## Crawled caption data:
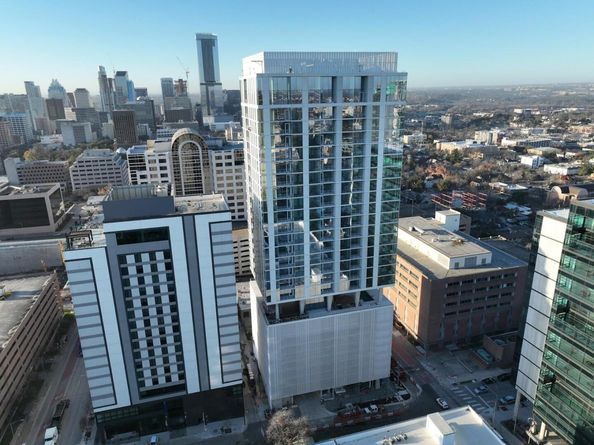313 W 17th ST 1802, Austin TX 78701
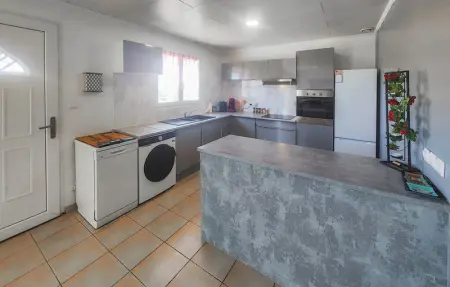 Location Maison 6 personnes à Villespassans - Photo 5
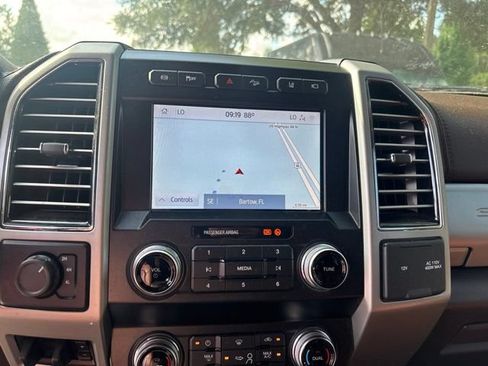 Used 2020 Ford F350 King Ranch w/ King Ranch Ultimate Package AWD/4WD image 12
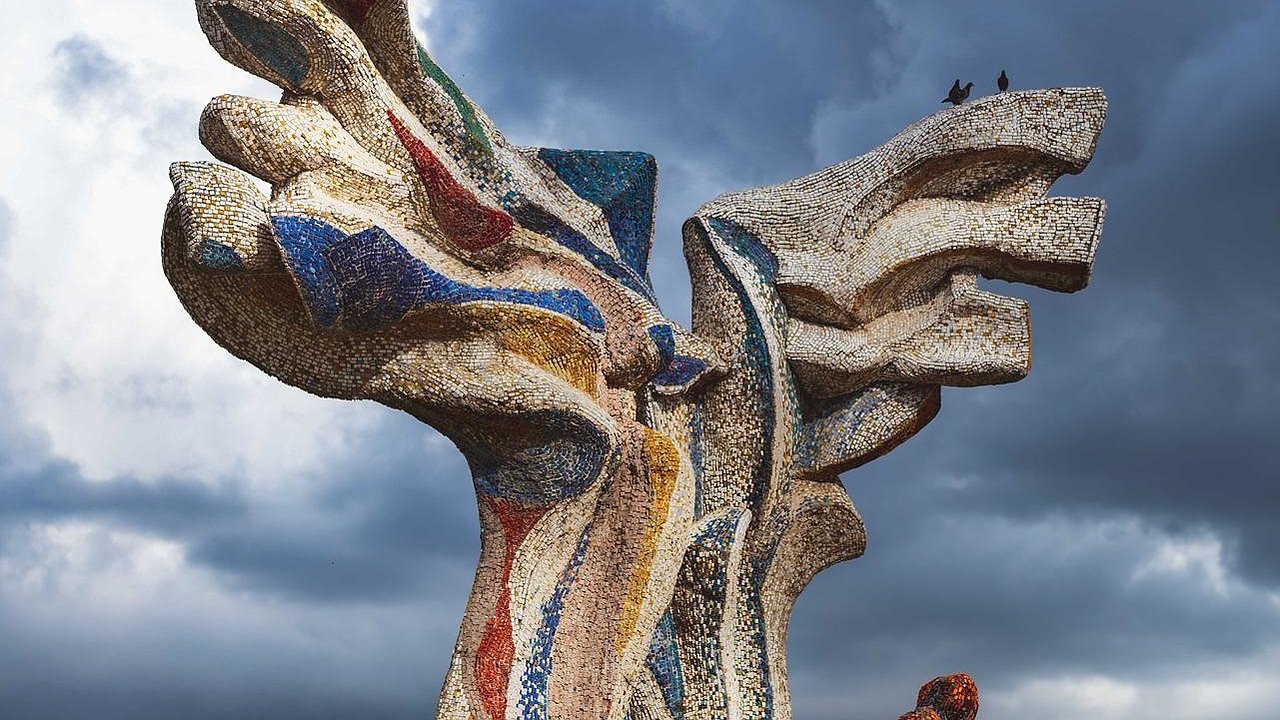 Главная картинка новости: Что значат скульптуры на бульваре Энтузиастов и еще 7 фактов о работах Ильдара Ханова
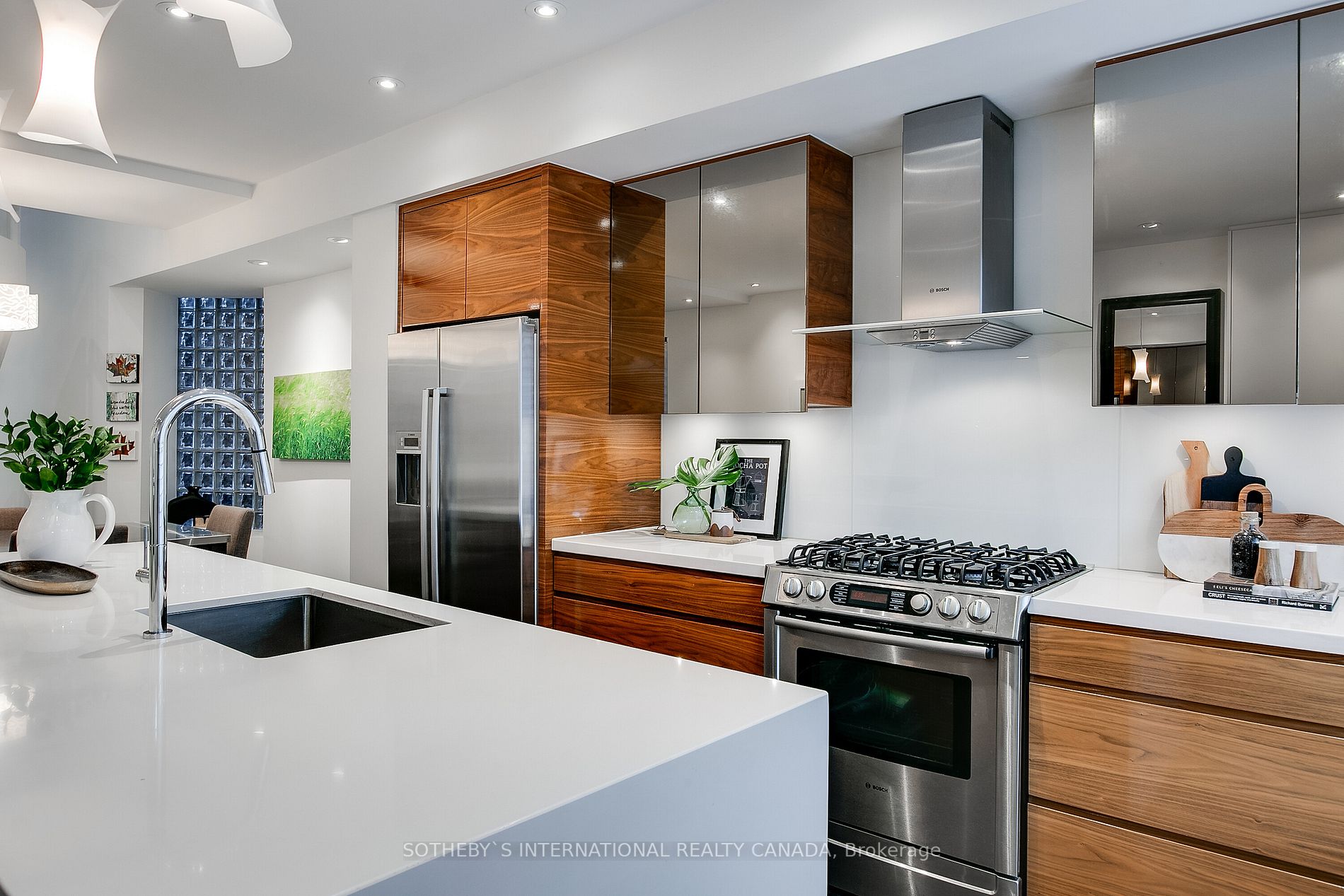 125 Seaton St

## WHAT YOU HAVE TO DO:
The reply needs to repeat exactly the line containing "Location Maison 6" and each line after it, through the final line of the entries above, and to skip the pictures.

## RESPONSE TO THIS TASK:
 Location Maison 6 personnes à Villespassans - Photo 5
 Used 2020 Ford F350 King Ranch w/ King Ranch Ultimate Package AWD/4WD image 12
 Главная картинка новости: Что значат скульптуры на бульваре Энтузиастов и еще 7 фактов о работах Ильдара Ханова
 125 Seaton St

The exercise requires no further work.